Известную строчку он посвящал любой женщине, которая попадалась на его пути и в данный момент, по мнению Палыча, соответствовала её содержанию. Менялось только имя.
– Ты в своём репертуаре, Палыч! – кокетливо приняла подачу Мальвина.
– А где начальница? – спросил Палыч, имея в виду Ирину Фердинандовну.
– В операционную вызвали.
– Ну, однакось, кто тут у вас на осмотр? – продолжал Палыч.
– Вот, десять историй приготовили. Две с сахарным диабетом.
– Десять?! Да это же уму непостижимо! Ещё и с диабетом! – воздел руки к потолку Палыч. – Пока чаю не попью – с места не сдвинусь!
– С диабетом Ирина Фердинандовна просила вперед посмотреть, – уточнил Вася мягко. – Они обе в одиннадцатой палате.
– Ну давайте-с их сюда. Что с вами поделаешь. Но сначала непременно чай!
Зная привычки старого терапевта, одна из девушек уже несла Палычу чай и конфетку.
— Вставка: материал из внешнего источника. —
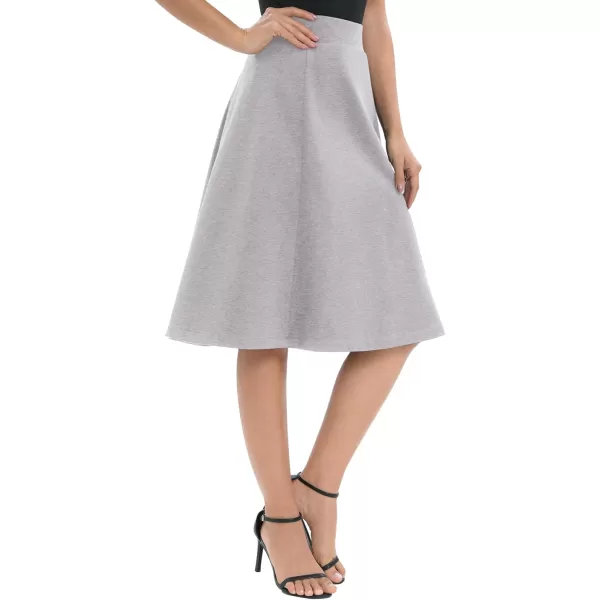 Urban CoCo Womens ALine Elastic High Waist Flare Work Midi Knee Length Stretchy SkirtHeather Grey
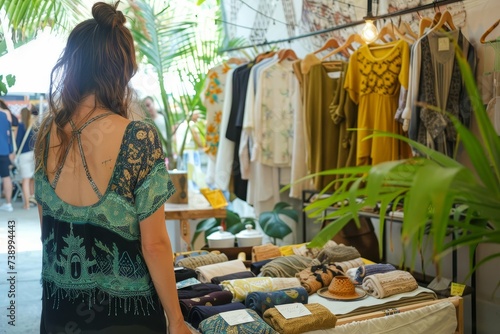 Eco-chic fashion pop-up store Featuring sustainable clothing lines and accessories Promoting ethical consumerism in a stylish setting photo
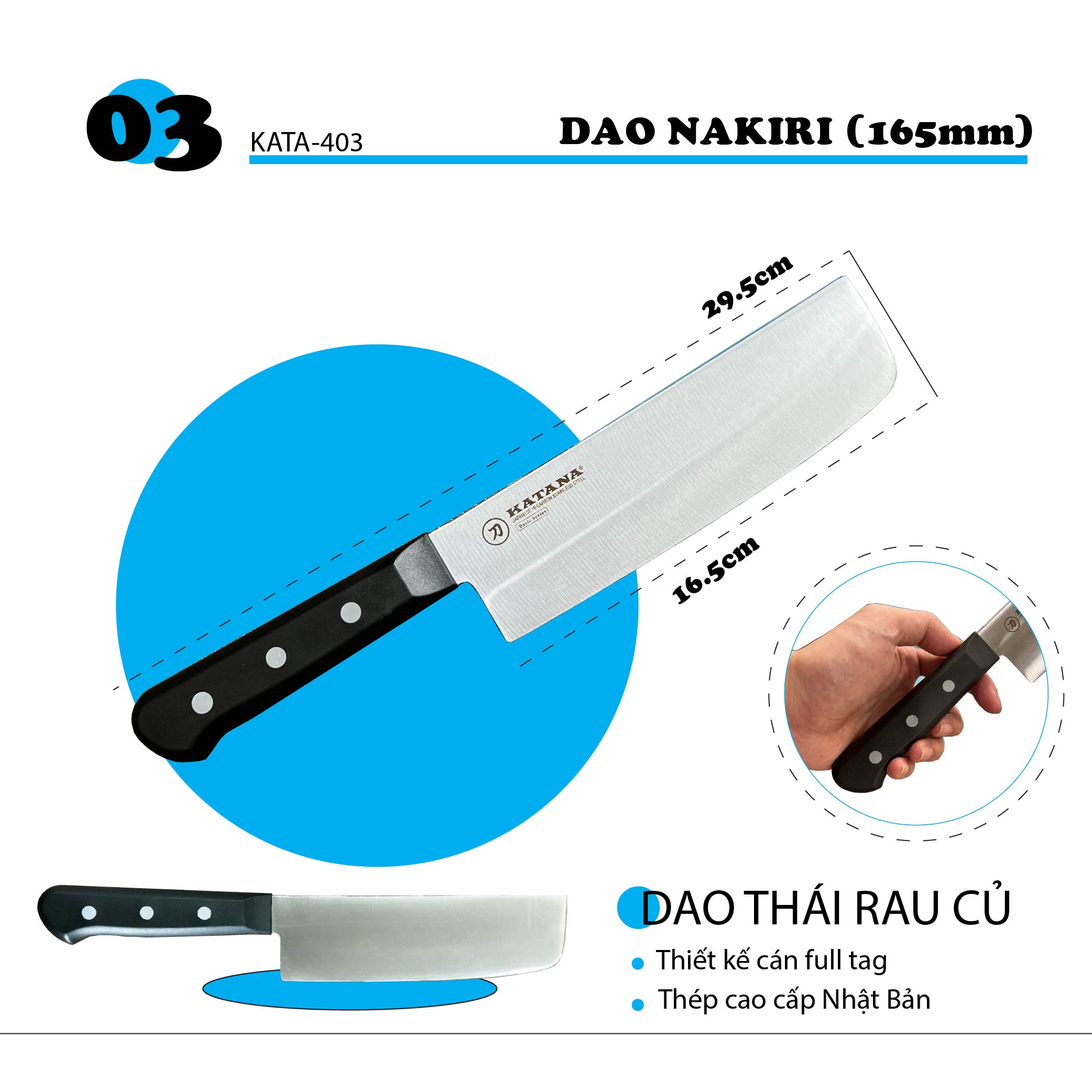Bộ 5 chiếc dao bếp cao cấp KATANA Basic - Set 5 KATASET5 đa năng - Thái thịt cá (5 chiếc)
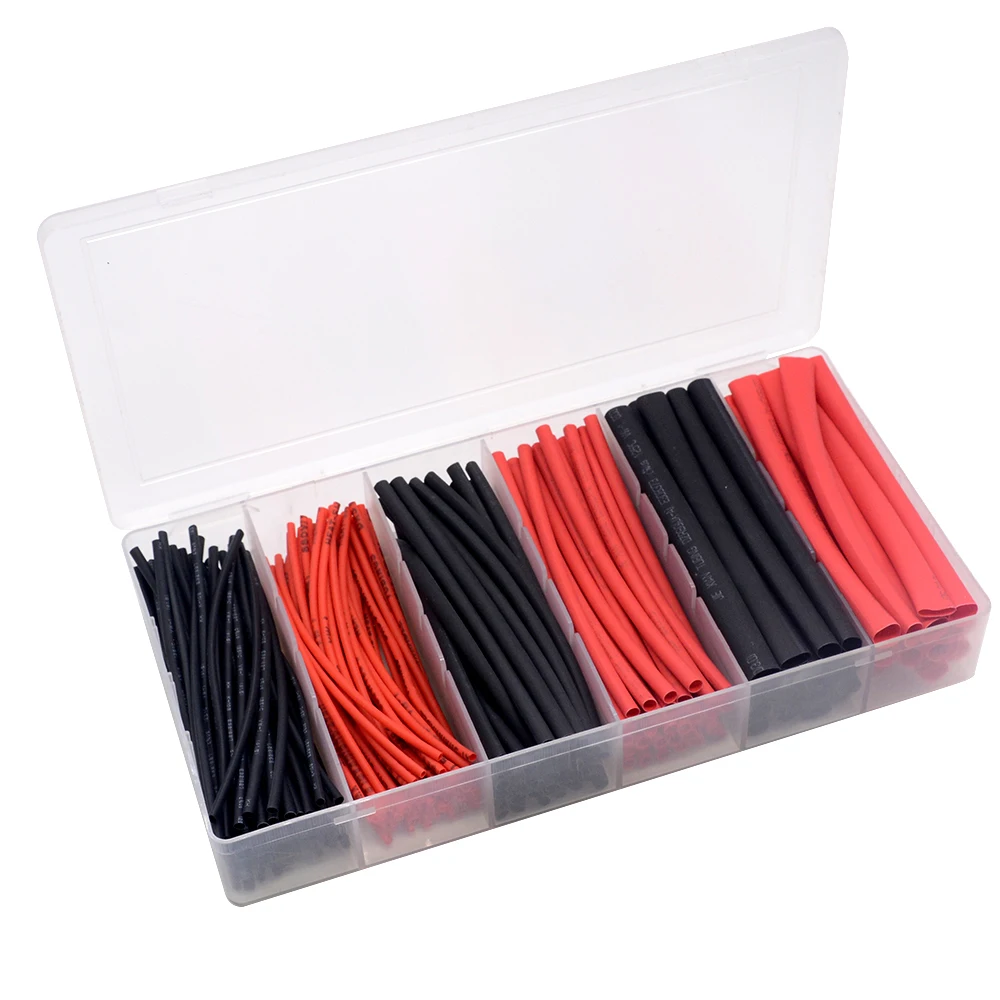 Flame-retardant Boxed Heat Shrink Tubing Kit heat shrink tubing heat shrink tube heat shrink tube kit 3 Sizes 190pcs/lot Black Red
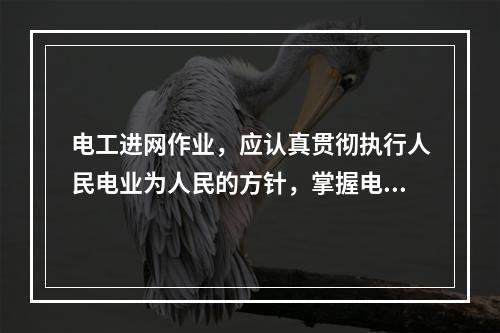 电工进网作业，应认真贯彻执行人民电业为人民的方针，掌握电气安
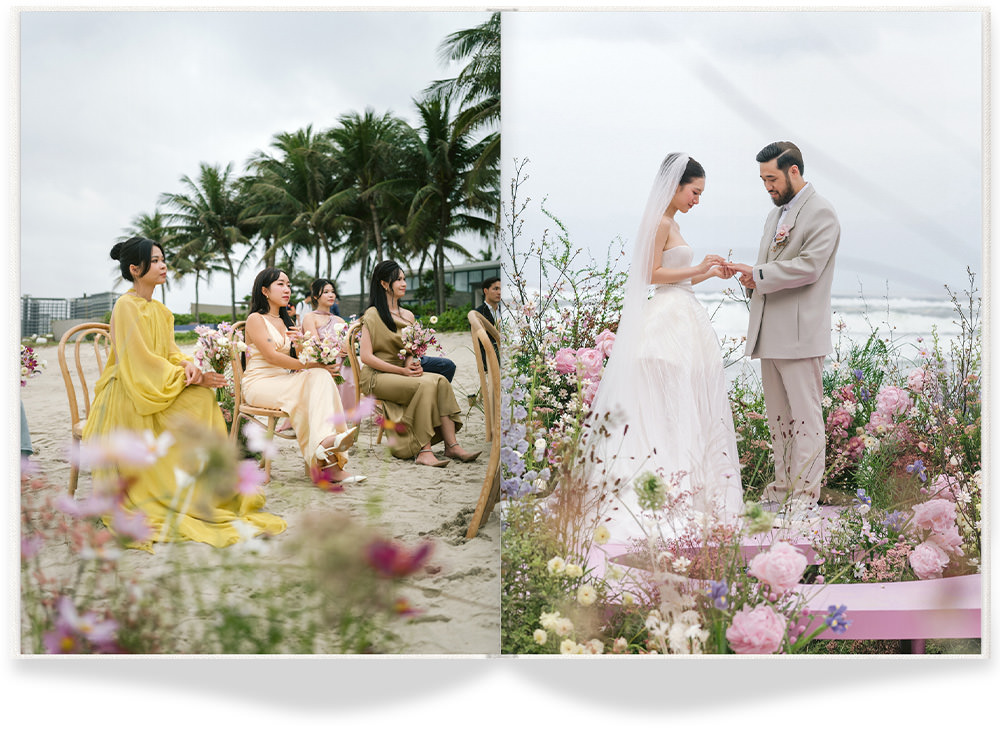 Open Large Portrait Premium Photo Book featuring a wedding on a beach covered in pink, yellow and green florals.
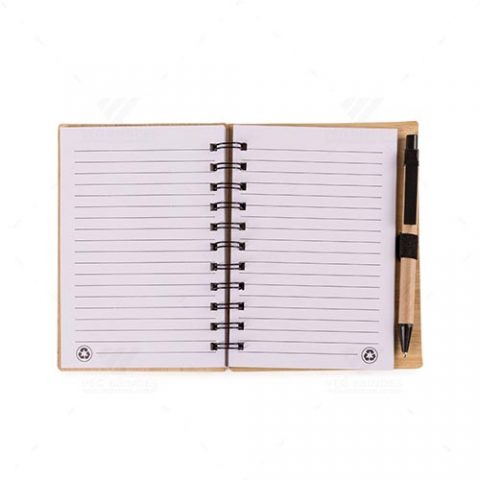 Brindes Blocos de Notas Capa Bambu Personalizados.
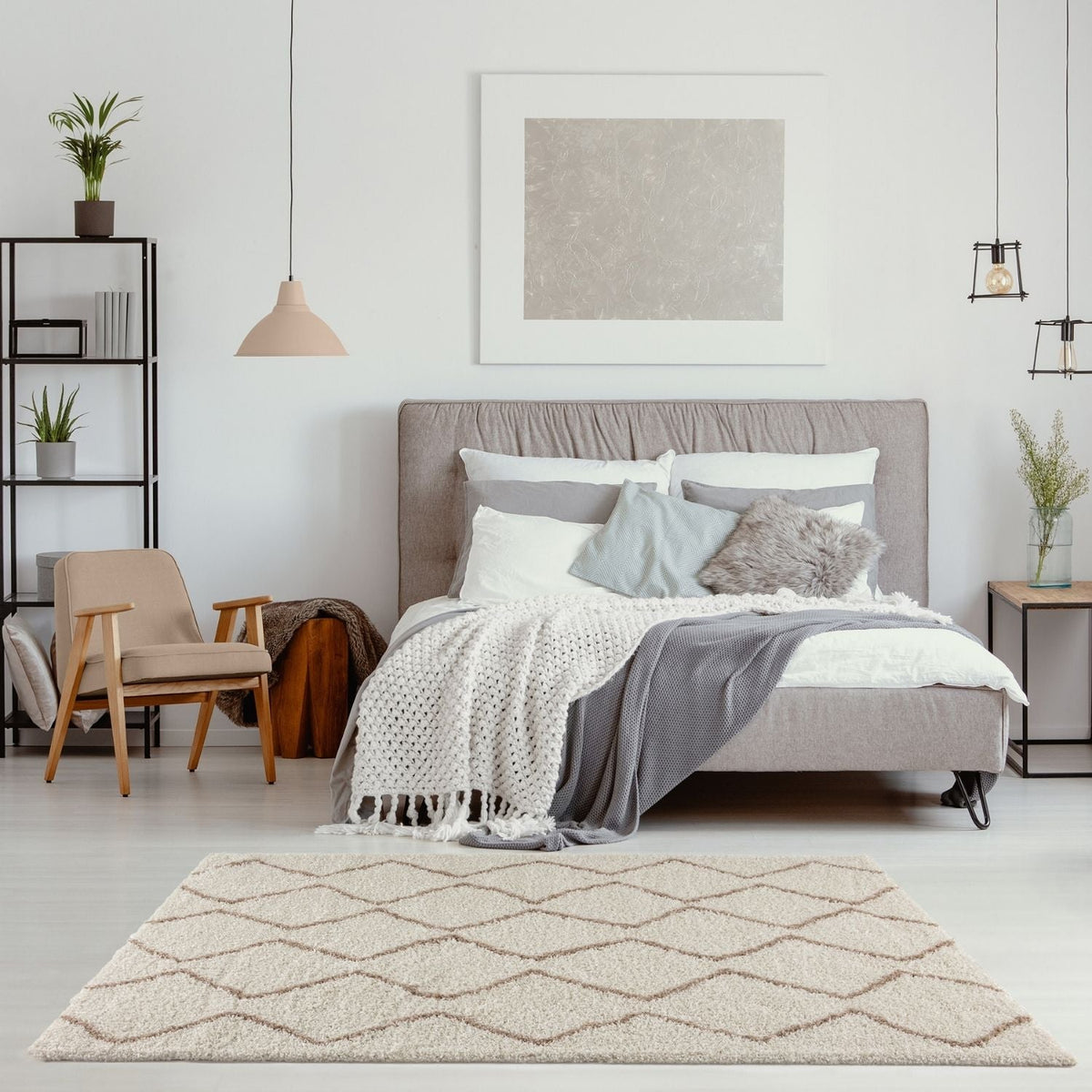 Moroccan Ivory Beige Shaggy Rug | 830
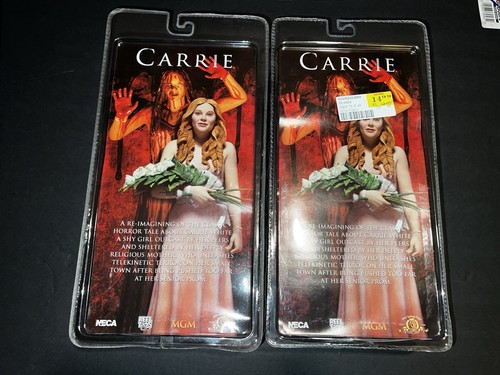 2013 Neca Carrie Figures Both Versions (2) Bloody & Clean Prom Dress New Sealed - Picture 9 of 12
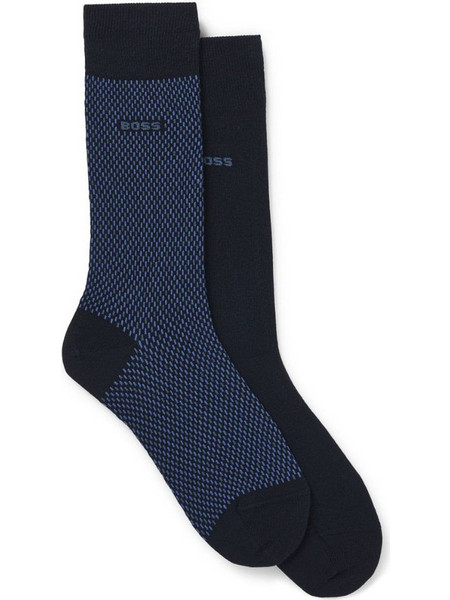 Hugo Boss Ανδρικές Κάλτσες Ψηλές με Σχέδια Navy Μπλε 2Pack 50487872-401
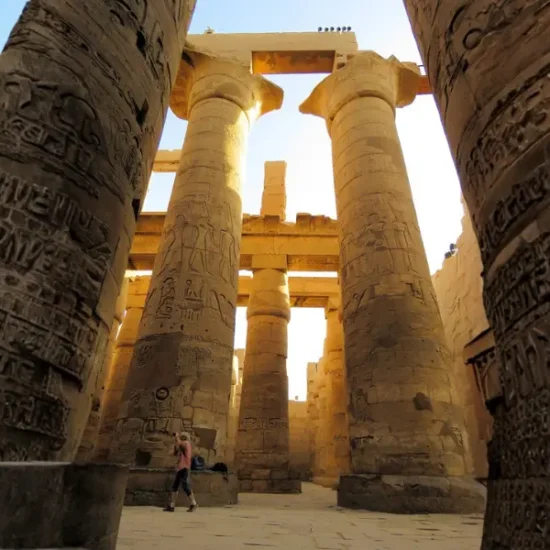 Inside Karnak Temple with ancient columns, Luxor Egypt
– В работу, как говорится, входить надо медленно, а выходить – быстро! – скаламбурил Палыч и сам расхохотался.
В обед предстоял обход заведующей, и не было никакой надежды получить снисхождение.
Палыч же невозмутимо пил чай и продолжал флиртовать с девушками, отвлекая их от медицинской документации.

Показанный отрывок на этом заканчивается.